Hai molte scene con lui?
«La maggior parte.»

Che effetto ti ha fatto recitare insieme a un mito del cinema americano?
«All’inizio mi sembrava “solo” lavoro, io sono piuttosto pragmatico. Poi, durante un dialogo, ho avuto un momento di epifania che mi è tornato limpido in mente quando ho doppiato il film in italiano. Lui ha pronunciato una battuta tipicamente alleniana, un gioco di parole sui pesci, e si capiva al 100% che era uscita dalla sua penna: in quel momento mi sono reso conto che c’era Allen davanti a me, e che mi stava rivolgendo una delle sue battute. Praticamente era “il Cinema” che mi parlava.»

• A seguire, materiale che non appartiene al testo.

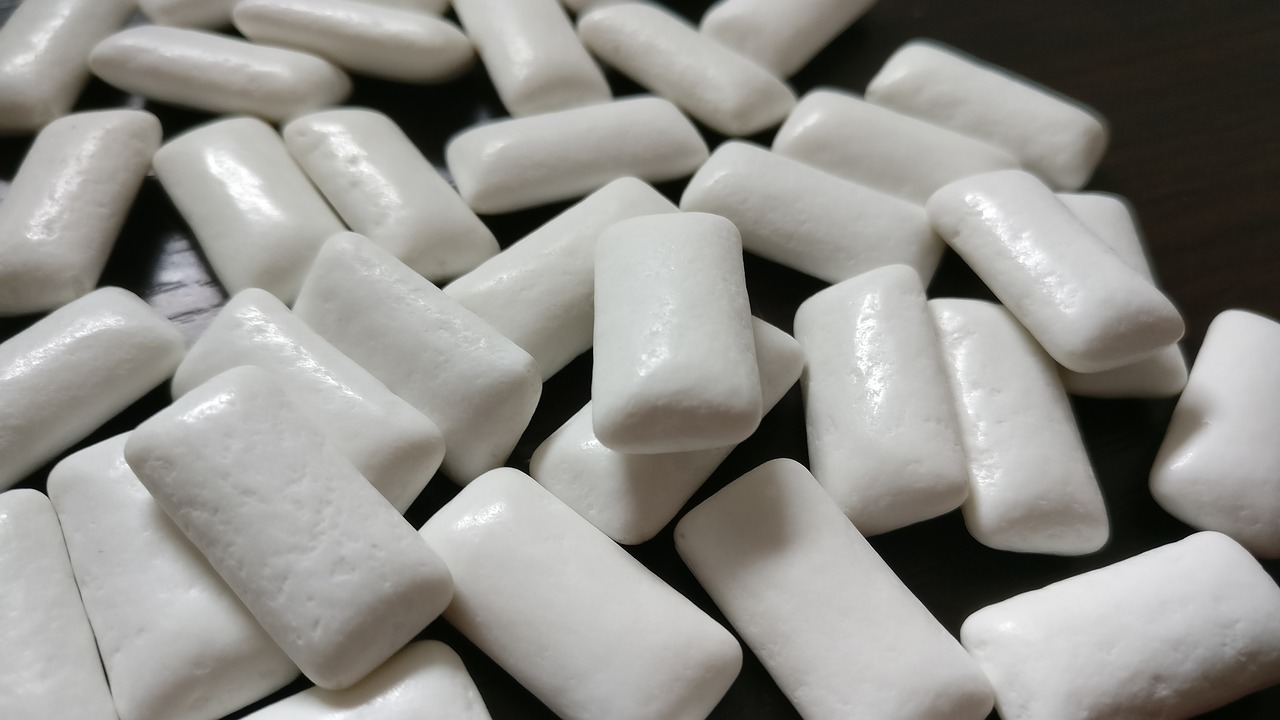 Image - chewing gum chew white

Nel film ci sono molte altre star americane.
«Con molti di loro non ho lavorato direttamente, perché il mio episodio è stato girato per ultimo, ma li ho conosciuti tutti il giorno della prova costumi. E ricordo benissimo la mattinata. Arrivo bello pimpante, e vedo nell’ordine: una ragazzina minuta che sta mandando messaggini al telefono. Era Ellen Page. Poi continuo a camminare, e vedo un tipo biondo e pompatissimo, che parla ad alta voce, tutto gasato. Era Alec Baldwin. Cammino ancora, arrivo al set vero e proprio, e viene a presentarsi un tipo un po’ impacciato, che mastica l’inglese in un modo stranissimo: ‘Ehm… Mmm… Hi, I’m Jesse’. Era Jesse Eisenberg.»

Eisenberg sembra il ritratto dei suoi personaggi.
«Ha qualcosa di speciale, si vede subito, un grado di concentrazione fuori dalla norma.»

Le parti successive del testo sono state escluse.